Foster's Glass Museum Nods to FLW

August 11, 2010

Foster + Partners' new Fortaleza Hall is open and inviting, a striking contrast to the largely inward-looking buildings of S.C. Johnson & Son's Racine, Wis., corporate campus, designed by Frank Lloyd Wright.

“Fortaleza Hall has given us a unique opportunity to work alongside one of the finest Modern buildings in the world”—the Johnson Wax Building, 1936-1939—“and to tell a remarkable story of adventure and discovery,” said Norman Foster, Pritzker Architecture Prize winner and the design firm's principal. The structure is the first new building on the campus since Wright's Research Tower, designed in 1944 and completed in 1950.

While paying his respects to his predecessor, Foster steered clear of Wright's design vocabulary; instead, Foster chose to make Fortaleza Hall spherical and surrounded it on three sides with glass. The 60,000-sf facility, a company museum and event space, houses the Carnaúba—a replica twin-engine Sikorsky S-38 amphibious aircraft used by Samuel Johnson, Jr., and his sons in 1998 to re-create the trip his father, H.F. Johnson, Jr., took in 1935 to Fortaleza, Brazil, to find a sustainable source of carnauba wax. It has the most exterior glass of any building on the campus of the manufacturer of Windex, Pledge, Fantastik, Glade, and thousands of other home products.

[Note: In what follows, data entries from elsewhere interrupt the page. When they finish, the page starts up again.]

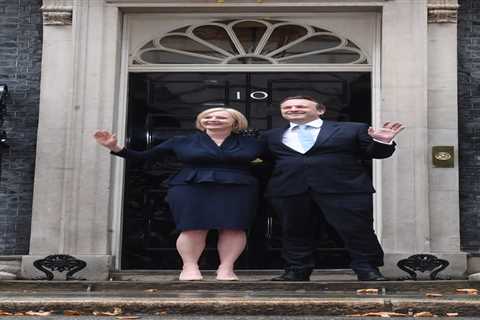 Liz Truss and husband’s body language laid bare as new Prime Minister poses on Downing Street..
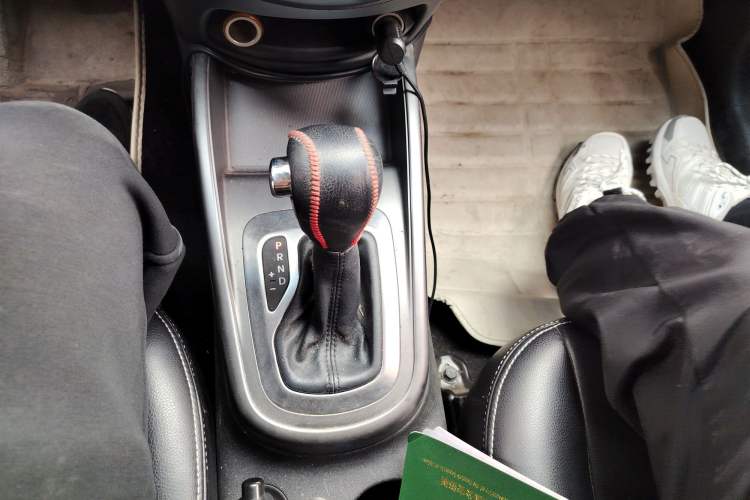 Used Kia Soul 2013 1.6L AT GL Gear Lever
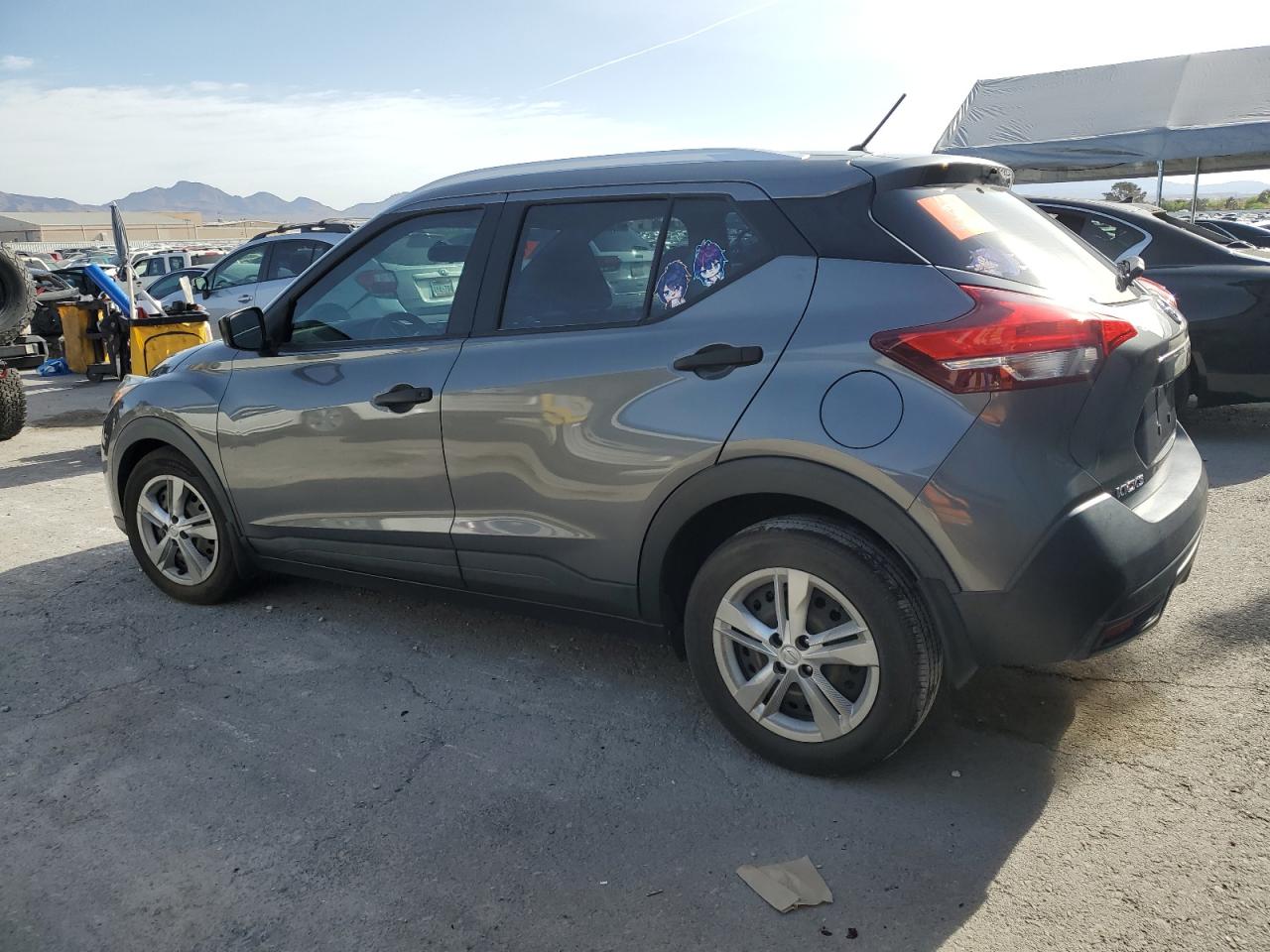 NISSAN KICKS S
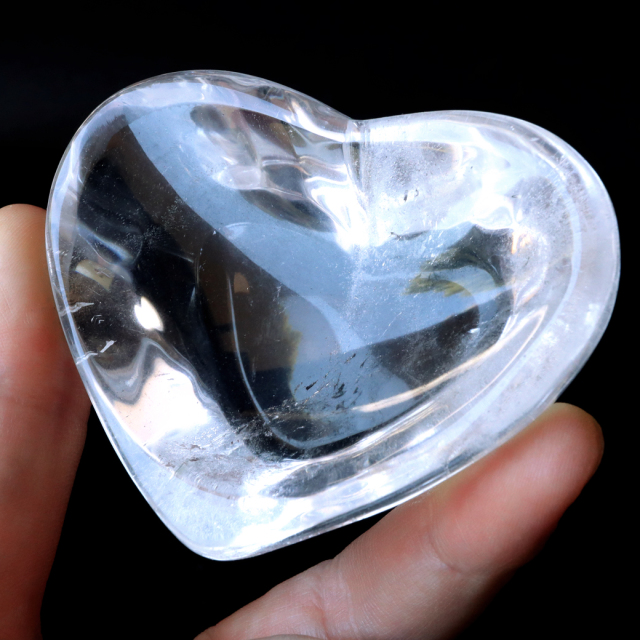 水晶 お皿 浄化皿 受け皿 ハート型 プレート クリスタルクォーツ ブラジル産 癒し ヒーリング 浄化 天然石 パワーストーン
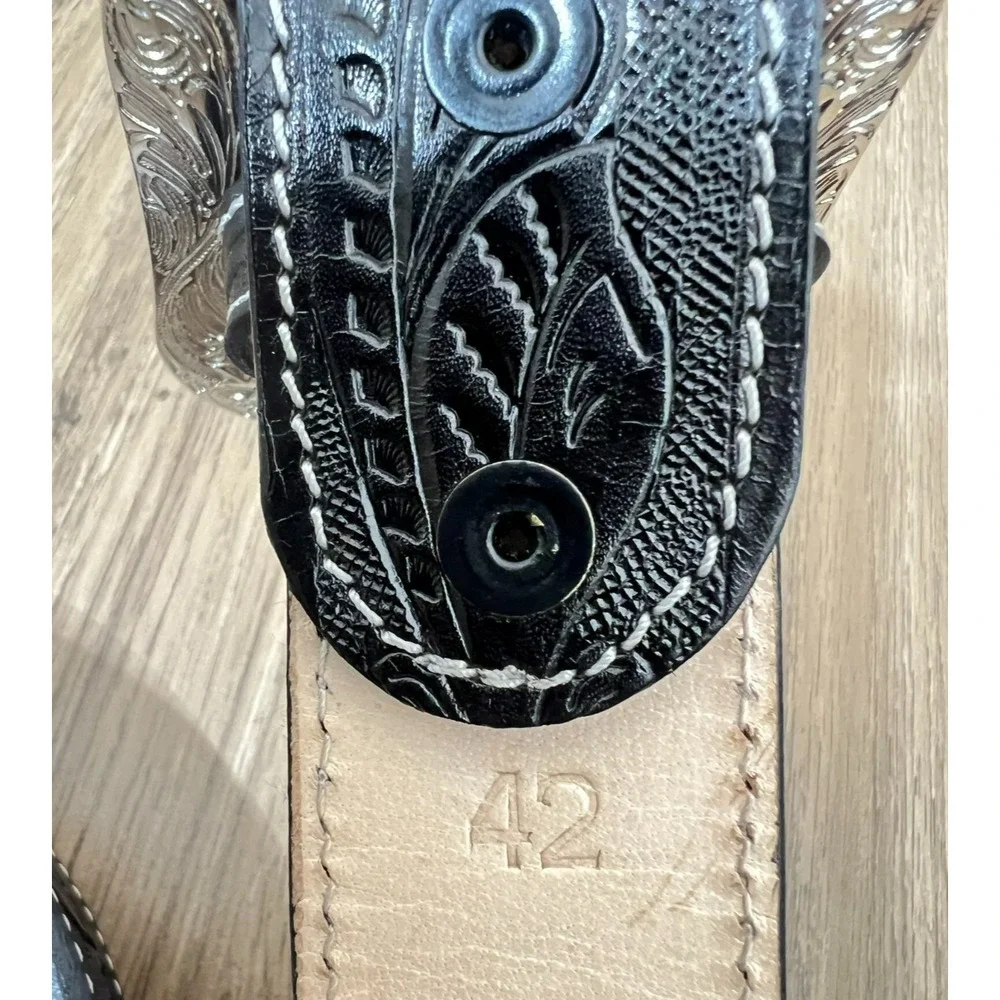 Cerrito black leather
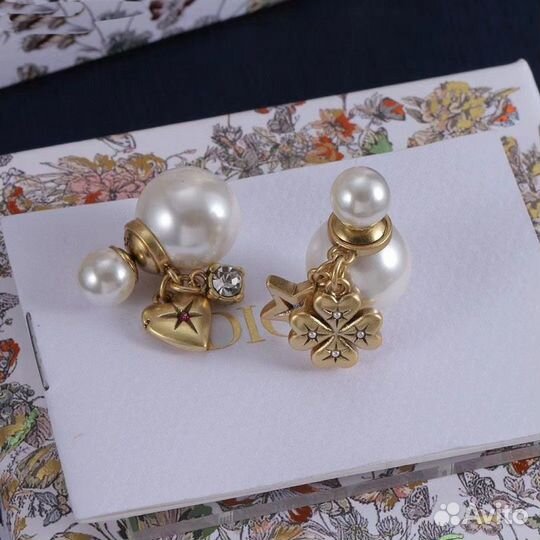 Серьги dior lucky charms диор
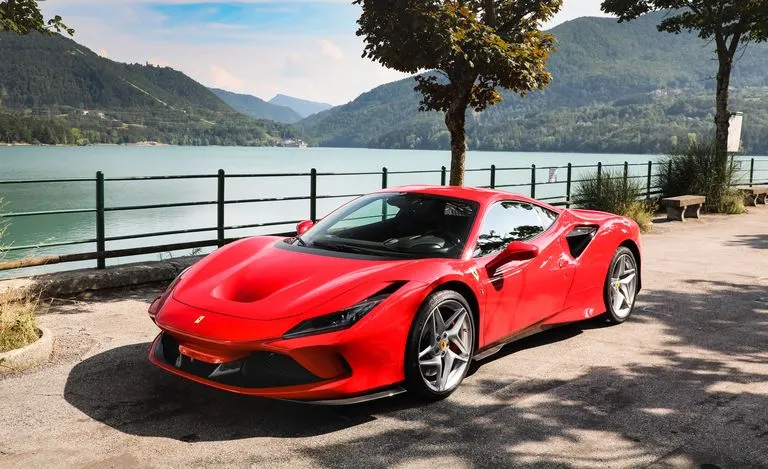 Mô tả Ferrari F8 Tributo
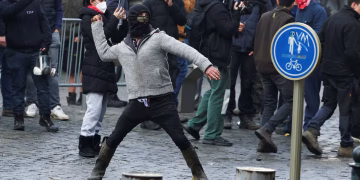 Agricultores y ganaderos europeos protestan en Bruselas contra un acuerdo comercial con Mercosur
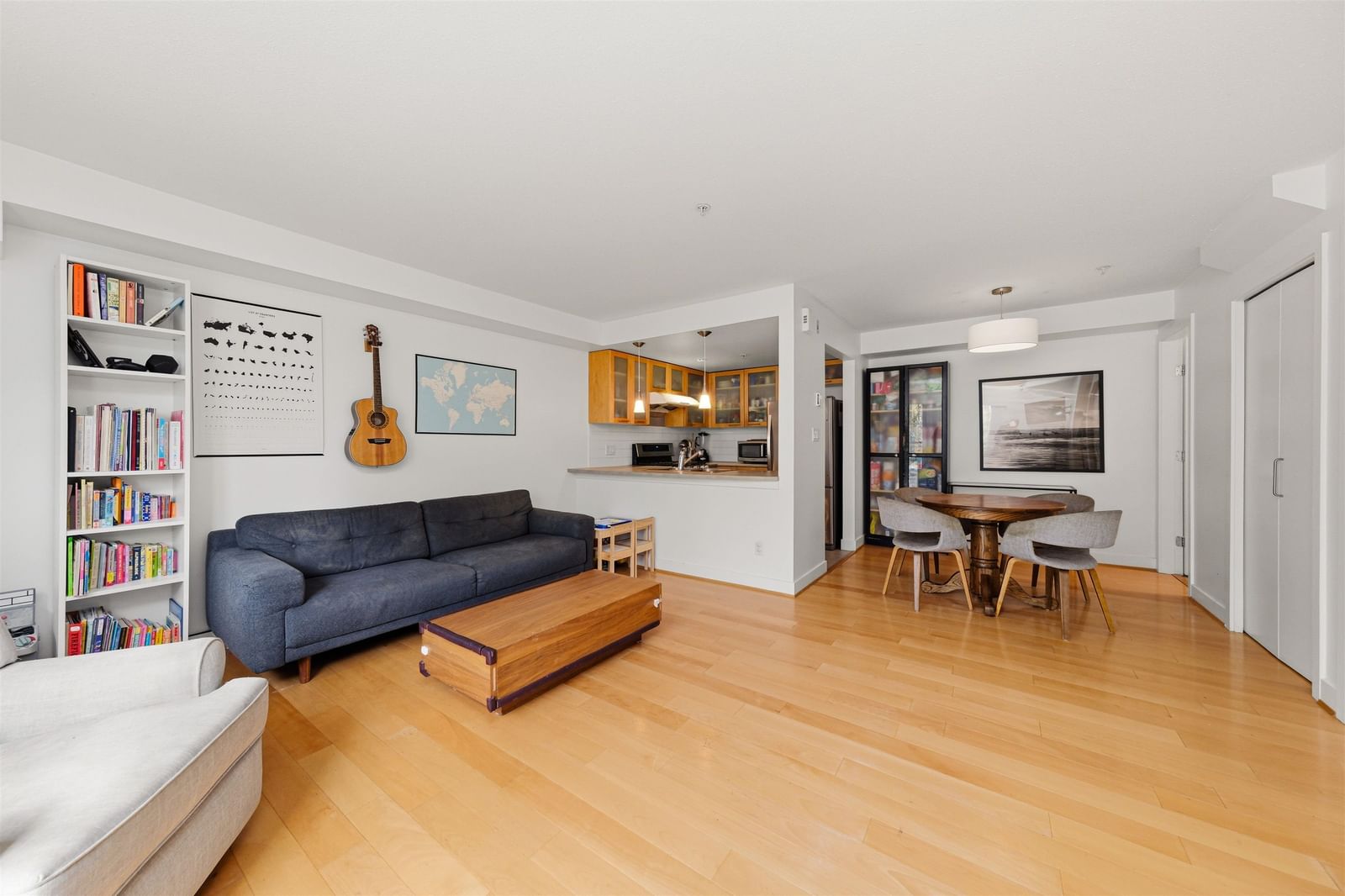 Listing Image 6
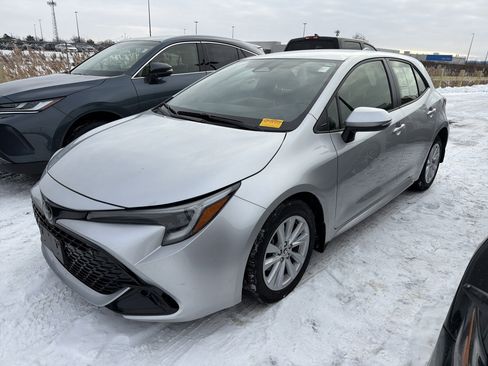 Used 2024 Toyota Corolla SE image 4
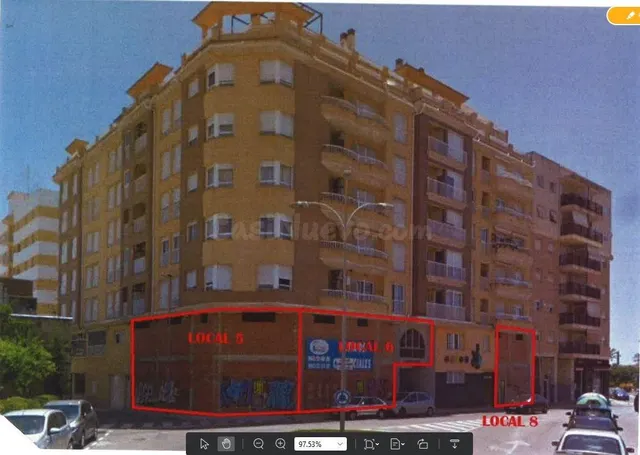 LOCAL COMERCIAL ZONA PLAZA PRIMERO DE MAYO - foto 4
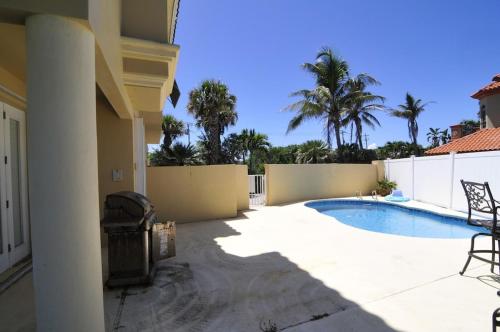 Gallery image of Pelican Perch-Four bedroom heated pool oceanfront home in Melbourne Beach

Foster's exterior had to be completely transparent to showcase the Carnaúba, the Frank Lloyd Wright Reading Room and Library, and several other exhibits based on the rain forests of Brazil. This ruled out using regular low-e glass, because any blue or green tint would obscure the view into the interior. By using low-iron glass—manufactured with reduced iron content—rather than regular soda lime glass, Foster was able to show the true colors and details of the interior exhibits.

The open, airy design features 85 inch-thick, low-iron glass panels, each 7½ feet in height and totaling more than 11,400 sf of surface. The panels and steel framing system were fabricated and installed by Gartner Steel and Glass GmbH, Würzburg, Germany.

One of the exhibits is an 8,000-sf interior mural of precast white concrete with rasterized images of the Brazilian palm forest, re-created from a photo taken during H. F. Johnson, Jr.'s 1935 expedition. Another is a polyconic mosaic map inlaid on the building's floor that depicts the topography of the Western Hemisphere and traces Samuel Johnson's journey from Racine to Brazil. Four different types of sustainably harvested wood were used in the mosaic.

Fortaleza Hall opened in January. Foster designed it to achieve at least LEED Silver certification, and the company is waiting to hear back from the U.S. Green Building Council on the building's level of certification.